Report the count of lines containing the word "match" in these records, with no other text.
[Start of section]
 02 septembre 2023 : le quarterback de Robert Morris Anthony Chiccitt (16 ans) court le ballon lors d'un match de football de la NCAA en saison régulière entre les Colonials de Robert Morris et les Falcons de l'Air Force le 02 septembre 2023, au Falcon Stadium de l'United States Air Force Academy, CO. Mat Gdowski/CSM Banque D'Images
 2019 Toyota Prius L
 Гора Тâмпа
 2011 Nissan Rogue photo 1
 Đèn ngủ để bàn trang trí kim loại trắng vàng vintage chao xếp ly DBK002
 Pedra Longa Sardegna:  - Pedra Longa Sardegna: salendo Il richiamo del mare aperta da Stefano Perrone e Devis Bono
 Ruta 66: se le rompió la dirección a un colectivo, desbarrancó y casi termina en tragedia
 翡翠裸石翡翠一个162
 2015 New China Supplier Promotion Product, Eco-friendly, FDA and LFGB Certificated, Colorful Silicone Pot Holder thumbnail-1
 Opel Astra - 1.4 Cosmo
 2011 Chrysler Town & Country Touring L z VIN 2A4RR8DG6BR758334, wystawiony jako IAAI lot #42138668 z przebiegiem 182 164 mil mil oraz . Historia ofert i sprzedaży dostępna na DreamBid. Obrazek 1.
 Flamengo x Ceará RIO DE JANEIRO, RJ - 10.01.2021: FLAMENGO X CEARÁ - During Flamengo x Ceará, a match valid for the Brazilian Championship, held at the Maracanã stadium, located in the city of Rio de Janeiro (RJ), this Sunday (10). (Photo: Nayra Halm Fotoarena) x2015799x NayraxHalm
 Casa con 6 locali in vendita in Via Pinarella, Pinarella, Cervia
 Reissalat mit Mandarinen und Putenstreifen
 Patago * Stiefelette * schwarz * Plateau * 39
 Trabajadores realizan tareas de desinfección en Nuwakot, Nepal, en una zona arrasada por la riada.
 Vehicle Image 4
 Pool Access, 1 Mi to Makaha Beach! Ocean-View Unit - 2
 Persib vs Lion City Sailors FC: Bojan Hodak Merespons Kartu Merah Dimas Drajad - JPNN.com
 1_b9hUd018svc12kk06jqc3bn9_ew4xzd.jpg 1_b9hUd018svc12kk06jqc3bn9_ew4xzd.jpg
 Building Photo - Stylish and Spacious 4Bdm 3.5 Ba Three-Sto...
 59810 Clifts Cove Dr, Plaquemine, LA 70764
[End of section]
Task solution ▸ 2